8 ou 80

Por Nelson Pires, General Manager da Jaba Recordati

 

Nós Portugueses, onde me incluo, não sabemos viver nos 40, vivemos sempre bem no 8 ou no 80. E utilizar esta perífrase tem muito a ver com a nossa cultura. Quando confinamos temos realmente de confinar totalmente, o 8. Quando desconfinamos, não podemos fazê-lo a “meio gás”, a 40. Sempre vamos tender a conseguir uma excepção: o amigo que não víamos há muito tempo e podemos dar um abraço, a mesa de 4 que dá para 5 pessoas, o restaurante que aceita clientes que entrem até as 22h30, o passeio na Marina de Vilamoura com milhares de pessoas mas é ao ar livre … somos assim, provavelmente impossíveis de governar e sermos governados. Ou seja, apenas vivemos bem com o 80, onde somos orientados. 

É sem dúvida um ponto fraco, mas que nos confere características únicas: resiliência, adaptabilidade, transparência, abertura para o mundo, adoramos ajudar, somos informados, defendemos o que é nosso e adoramos sorrir. Se conseguirmos transpor estas características para a administração do país e das empresas, potenciarmos a inovação, criarmos um modelo organizativo, melhorarmos a liderança, temos o “melting pot” para voltarmos a ser uma potência no mundo. Ainda por cima, uma potência que não gera inveja pois somos pequenos e simpáticos. E enquanto todos ficam surpresos pelo nosso sucesso, consolidamo-lo.

Aliás vemos exactamente este processo no programa de vacinação covid: uma liderança bem estabelecida (não é uma pessoa, mas uma equipa), um modelo organizativo militar bem definido, todas as características que nos são familiares e enumerei atrás, que facilitam a implementação. Por exemplo, fomos agora buscar as vacinas que a Noruega não utilizou, porque sabemos negociar win-win e somos flexíveis. Mas comunicámos mal as regras desde o início (as máscaras são o exemplo mais infantil que representa esta realidade), criámos processos complicados (deviam ser KISS – “keep it simple and stupid”) e fomos tolerantes com a má implementação dos mesmos. Ou seja tudo possível de diagnosticar e antecipar, evitando os erros e ameaças bem como minimizando os pontos fracos. Bem sei que gerir uma pandemia que ninguém conhece a dimensão, deve ser muito difícil. Mas socorrermo-nos das práticas da gestão permitiria minimizar muitos problemas graves. Podiam ter feito uma análise swot e avaliavam criteriosamente os riscos e oportunidades de melhoria.

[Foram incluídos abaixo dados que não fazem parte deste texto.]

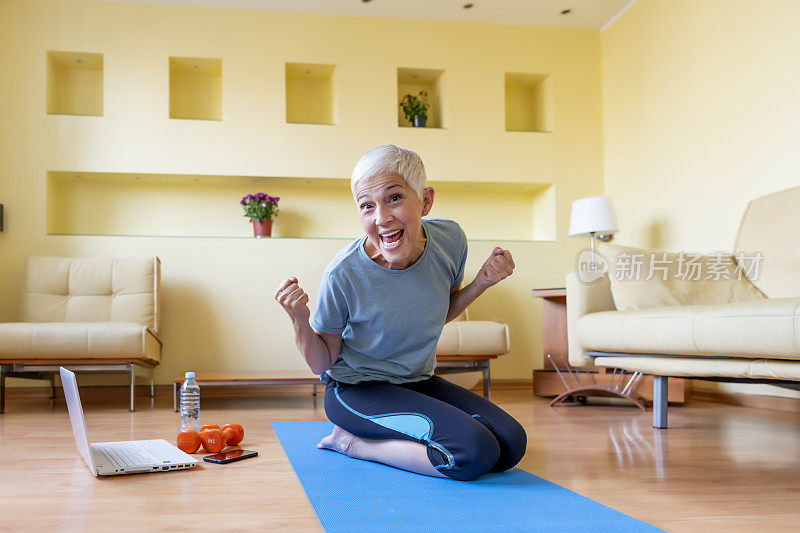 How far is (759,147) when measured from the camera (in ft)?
12.8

Portanto na essência, o nosso ponto fraco pode ser um ponto forte se considerado passível de ser melhorado. Só sabermos viver no 8 ou 80 não é mau, é uma oportunidade. A questão mais aguda está na liderança das organizações e do país, que definem o modelo organizativo, implementam os processos e melhoram as competências, estimulam a accountability, criam regras de autonomia para adaptar, medem os KPIs, intervêm rapidamente quando algo corre mal (o chamado “killer instinct” na vertente positiva”). 

Mas existe um risco enorme que está relacionado com o formalismo português, que considera o “chefe” como alguém com capacidades acima da média. E muita vezes vemos o  o efeito de Dunning-Kruger na liderança em Portugal.  Justin Kruger e David Dunning, dois professores de psicologia da Universidade de Cornell, argumentaram que as pessoas com poucas competências num domínio tendem a sobrestimar sistematicamente a sua capacidade. Este resultado veio a ficar conhecido como o efeito de Dunning-Kruger. Isso aconteceu com a indefinição, pouca clareza e até contradição nas regras de vacinação das crianças dos 12 aos 15 anos. Até a forma da retoma económica sofre desta indefinição, os nossos líderes já percorreram todas as letras do alfabeto para caracterizar o formato da curva da retoma : retoma em “V”, depois “L”, a seguir “W”, agora uma retoma em “K”, em que, dentro da mesma economia, existem áreas que regressam rapidamente aos níveis anteriores à crise e áreas que continuam, por um período prolongado, a apresentar resultados negativos.

Portanto o nosso problema é duma liderança Krüger Dunning (por vezes, mas nem sempre, nas organizações e na administração do país), bem como subserviência e elevada dependência do estado. Essa figura impessoal e descaracterizada, longe do cidadão comum mas que convém não esquecer, até o inclui como financiador e financiado. 

Em suma, elevemos Portugal ao ranking que merece, o de melhor país do mundo para viver e que pode ser um “diamante por lapidar”!